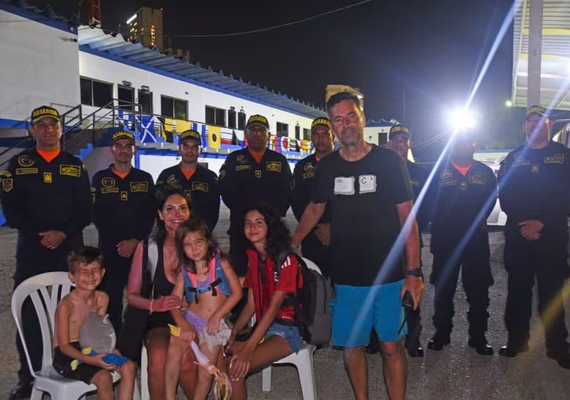 Família brasileira é resgatada após 9 horas à deriva no mar do Caribe; veja video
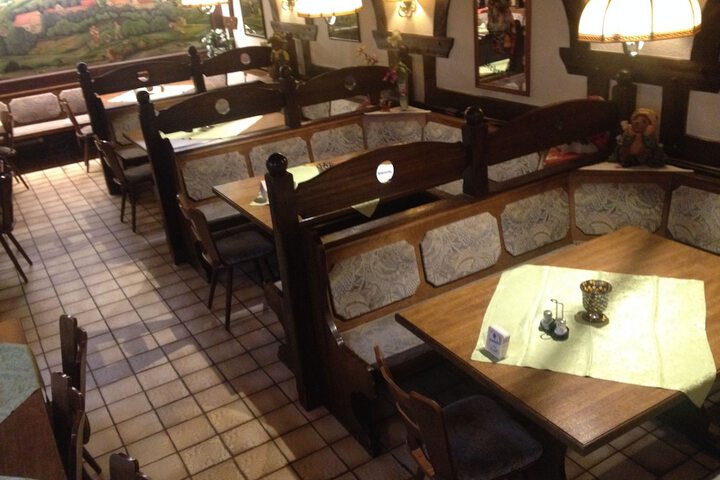Dining 8 of 26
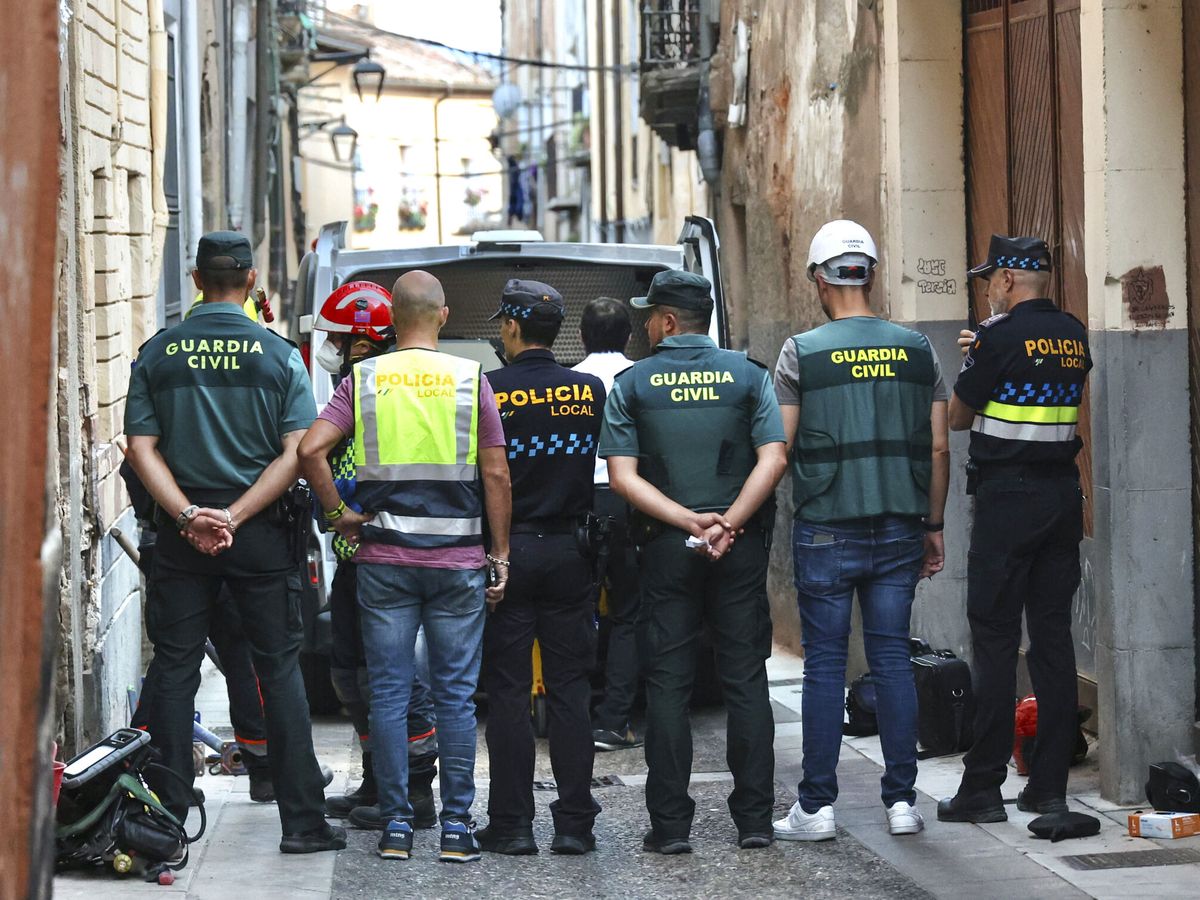 Foto: Agentes de la Guardia Civil en una imagen de archivo. (EFE/Raquel Manzanares)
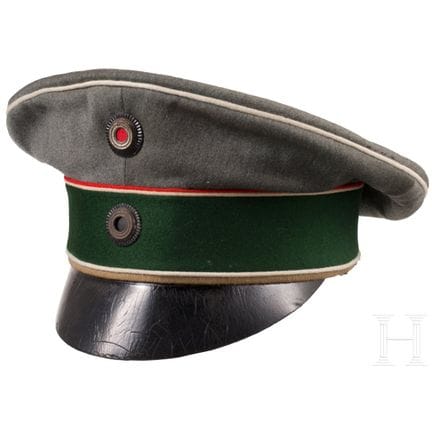 A field-grey visor cap for officers of the Prussia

· · ·

## WORK INSTRUCTIONS:
The range to transcribe runs from the line holding "Dining 8 of 26" through the final line of the data above; copy it exactly and exclude the pictures.

## EXERCISE ANSWER:
Dining 8 of 26
 Foto: Agentes de la Guardia Civil en una imagen de archivo. (EFE/Raquel Manzanares)
 A field-grey visor cap for officers of the Prussia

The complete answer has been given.